Le rapport parlementaire Fauvergue-Thourot propose de rendre l’armement obligatoire pour la police municipale. Il a été remis mardi 11 septembre au Premier ministre, Edouard Philippe.
« Nous ne devons rien nous interdire », avait déclaré le ministre de l’Intérieur, Gérard Collomb, le 19 décembre, à propos de la sécurité intérieure. Message bien par reçu Jean-Michel Fauvergue, député de la Seine-et-Marne et ex-patron du RAID, et Alice Thourot, députée de la Drôme. Les deux députés LREM chargés de la mission parlementaire de « coproduction de sécurité » envisagent des changements drastiques dans le Code de la sécurité intérieure.
Un des 78 points du rapport envisage notamment de rendre l’armement des 21 500 policiers municipaux en France obligatoire , « sauf décision motivée du maire ». Cette proposition s’inscrit dans la continuité du décret de 2016, autorisant les policiers à porter des pistolets semi-automatiques. Mais elle est plus radicale encore, puisque pour le moment, le port d’arme est facultatif et dépend exclusivement du maire, qui doit demander l’autorisation du préfet (L.412-51 du Code des communes).

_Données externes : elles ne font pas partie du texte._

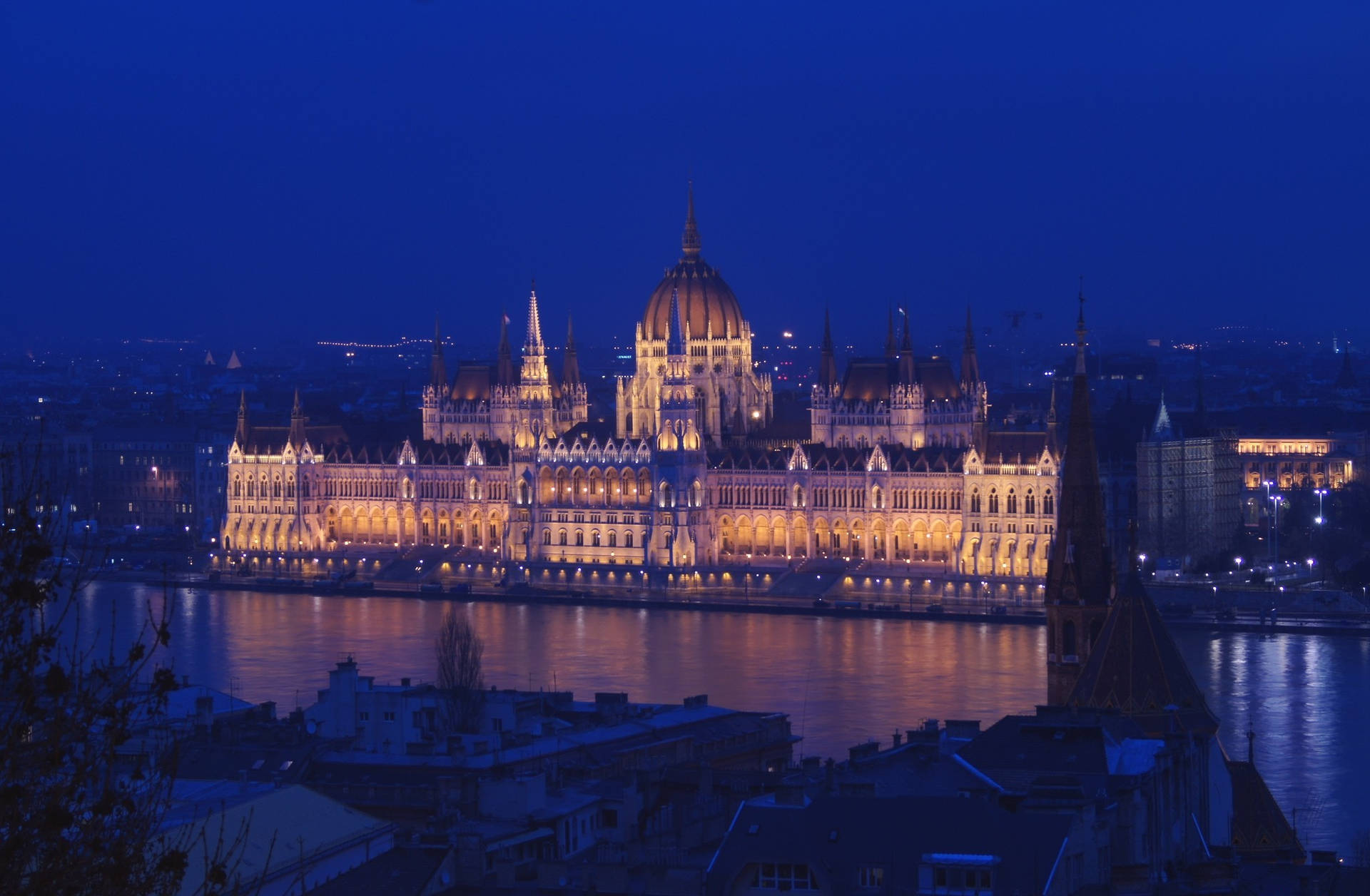 Ungarischesparlamentsgebäude Bei Nacht Wallpaper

De plus en plus de policiers armés
D'après le rapport, en 2016, 84% de policiers municipaux disposaient déjà d’une arme, quelle que soit sa catégorie (de la bombe lacrymogène au calibre 38), soit 18 000 agents. Parmi eux, 44% étaient déjà équipés d’une arme à feu, soit 9 500 agents. Les attentats terroristes de 2015 sont la principale raison de cet important armement de la police municipale, notamment dans des grandes villes comme Dunkerque, Toulouse ou Versailles.
Jusqu’à maintenant, la police municipale était chargée de la sécurité du quotidien (missions de prévention, de surveillance du bon ordre, de la tranquillité, de la sécurité et de la salubrité publiques). Avec le rapport Fauvergue-Thourot, les compétences des policiers municipaux seraient aussi élargies. Ils pourraient désormais consulter le fichier des objets et des véhicules signalés (FOVeS) qui permet de faciliter les recherches et les contrôles pour des objets ou des véhicules volés ; et également le fichier des personnes recherchés (FPR), qui recense les personnes faisant l'objet d'une mesure de recherche ou de vérification de leur situation juridique.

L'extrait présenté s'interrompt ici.